Then, to make sure everyone in the room doesn’t forget who’s in charge or what’s at stake in this so-called “town hall”, Leibowitz drops the widely-reported word bomb on the room: “We strongly believe, as many of you know, in self-regulation – but we are also going to police the wireless space.” Make no mistake… Leibowitz is on the beat, nightstick a-swingin! “Our agency has a long history of studying new technologies and the consumer protection and competition issues that are embedded within these new technologies,” He continued, “And we have a long history of working with our sister agency the FCC when consumer protection concerns arise in the Telecom context.” At this point you can almost smell the tension in the room. Finally, he takes it up a notch by pointing out what’s at stake: “You can take our example of our work with them on do-not-call on Spam.”

And there it is… he might as well have just said “We are your overlords, you private-sector pawns.

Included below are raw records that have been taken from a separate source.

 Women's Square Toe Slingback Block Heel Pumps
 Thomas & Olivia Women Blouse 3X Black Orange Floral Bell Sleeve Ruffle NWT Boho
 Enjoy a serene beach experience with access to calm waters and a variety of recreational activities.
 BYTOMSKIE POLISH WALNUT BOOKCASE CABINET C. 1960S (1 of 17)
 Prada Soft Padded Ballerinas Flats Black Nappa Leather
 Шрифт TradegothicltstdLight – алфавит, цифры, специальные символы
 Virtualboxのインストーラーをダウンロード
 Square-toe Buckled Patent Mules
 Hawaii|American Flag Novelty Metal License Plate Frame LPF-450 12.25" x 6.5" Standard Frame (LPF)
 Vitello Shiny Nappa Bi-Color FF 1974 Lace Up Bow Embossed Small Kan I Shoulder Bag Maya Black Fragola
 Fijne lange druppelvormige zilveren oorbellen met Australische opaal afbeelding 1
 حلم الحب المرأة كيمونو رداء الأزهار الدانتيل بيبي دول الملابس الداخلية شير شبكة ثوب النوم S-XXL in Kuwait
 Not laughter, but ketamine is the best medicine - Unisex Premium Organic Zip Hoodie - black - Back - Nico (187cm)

Kneel before us and grovel at our regulatory feet. ” And grovel they did… for the next two days, in fact.

Session 1: The Mobile Marketplace — What, How, and Who
“This session will provide an introduction to the role of mobile commerce, beyond traditional voice service, in today’s society. This overview will include a discussion of demographics, consumer habits, and popular and anticipated uses of mobile services within the United States. It will also refer to developments in mobile commerce outside the United States.”

Participants

  • Evan Neufeld, VP & Senior Analyst, M:Metrics
  • Steve Smith, Media Critic, Mediapost and Access Intelligence

Moderator

  • Ruth Yodaiken, Staff Attorney, FTC Division of Marketing Practices

Content and Commentary

A whirlwind of stats, graphs, charts, definitions, et cetera on US habit and usage of mobile data services. Not a bad data set here (note: get your free research data in this section’s transcript, it’s a fairly comprehensive presentation). At the end of this session everyone is supposed to be comfortable with the alphabet soup of mobile terminology that will pervade the remainder of the talks. I suspect anyone not in the industry is trying their best to keep up… but finding these two a little manic in their rapid shifts from topic to topic.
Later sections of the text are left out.